Friday, December 26, 2014

H.O.W. TO: Jungle Bases pt.2- Painting and Pigments

Here's part 2 of my jungle base tutorial where we'll get in to the painting process. 

If you didn't catch it the other day, here's part 1 that covers sculpting vines and leaves. 

Now for painting. I start with a base coat of Rhinox Hide.

Next is a dry brush of all my tiles in Zamesi Desert. That helps warm up what will eventually be something like sandstone tiles. This is on the tiles plus all gravel around the base.

Follow that up with more dry brush in Ushabti Bone and Screaming Skull, making sure to leave some of the previous color showing and moving toward a light source (lower left in this case) as you progress through.

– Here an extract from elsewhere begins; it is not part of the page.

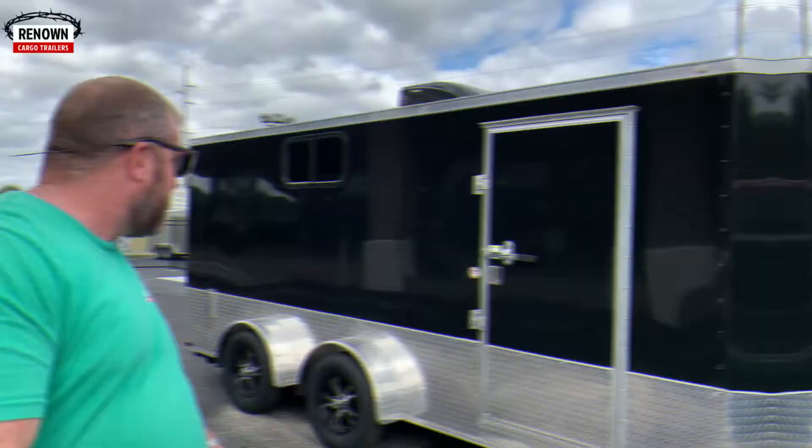Hey y'all, it is Lane Morgan here. We are on the grounds of Renown Cargo Trailers here in Douglas, Georgia, and we are showcasing a trailer that I promise you you don't see every day. This is a custom build from a customer of ours named Greg Calley, who is actually inside the dealership finishing up his paperwork. You'll get to meet him in just a second, but first I wanted to show y'all this beautiful trailer before it left our lot.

Now I go back and base all my vines and leaves in Waggah Flesh. At this point I decided to do the first step of my pigments so they wouldn't muddy up the highlights on the vines and leaves. I also dabbed a tiny bit of green in to the cracks and in the shady spots on the statue.  You'll see that in later pics.

I mixed up a batch of mud from the Secret Weapon demo, using their mix of Clay, Terracotta, and Dark Earth. It was lighter than I wanted so I went back and added some Violet.

Some Realistic Water and some actual water, plus a little bit of fine sand from my basing kit mixed in to the pigment mix gives a pretty nice chunky mud you can apply with your brush. I slathered that around the outside and between the tiles.  You don't have to be too careful with it, but avoid hitting the higher spots on the tiles that should stay out of the mud.

While I waited for that to dry I did the highlight on the greens, which is a mix of Waggah and a lighter green (in my case vallejo sick green). You'll highlight the whole vine here along the edges of the twists to bring out the edges. The leaves get a blotchy dab coming out from the center line, but leaving the outer edges dark.

Now I go with pure sick green and highlight just the very end of the vines to simulate that lighter new-growth look. The leaves get a tighter blotchy dab along the center line, followed with a final pass with a little bit of yellow mixed in.

Now to highlight the mud. I mixed up another small batch of mud, but this time using only Clay pigment. This went on to only the highest spots to show where the mud had "dried out" a bit. You can also see the beginnings of some of the really wet areas which is just Realistic Water dropped right on top and brushed down in to the cracks. Pushing that contrast. I also painted a couple of old discarded skulls (where's the rest of the bodies in this world?  Why is it always just skulls?). Those were the standard Ushabti Bone, Screaming Skull, Skull White. Horns on the demon were a hand mixed dark grey highlighted with a lighter one. The little bits of twig got a little bit of Mournfang dry brushed on them just to make them stand out a little from the dirt below. 

Now for a final little touch, I added a bit of Brown Earth Pigment. This is some unnamed Polish brand that I have no idea where I got it. I basically used it as a wash though- putting a little in to the pools of water and glazing over the tiles to make the cracks pop. You could easily do that with paint/inks. I will definitely be going back over this base a little more once the figure is done to tie the two together a bit more and we'll get in to some more washes then.

That's it! Hope you guys find that useful. If you guys see us doing anything else that you'd like some explanation on, feel free to ask. Sometimes it's hard coming up with 3 topics a week!



  1. another extensive and fantastic tutorial! Great work on the photos.

  2. Looks great Deet. I always like seeing...
    1) combos of colors for things like stone
    2) People using the secret weapon they definitely require some skill to use!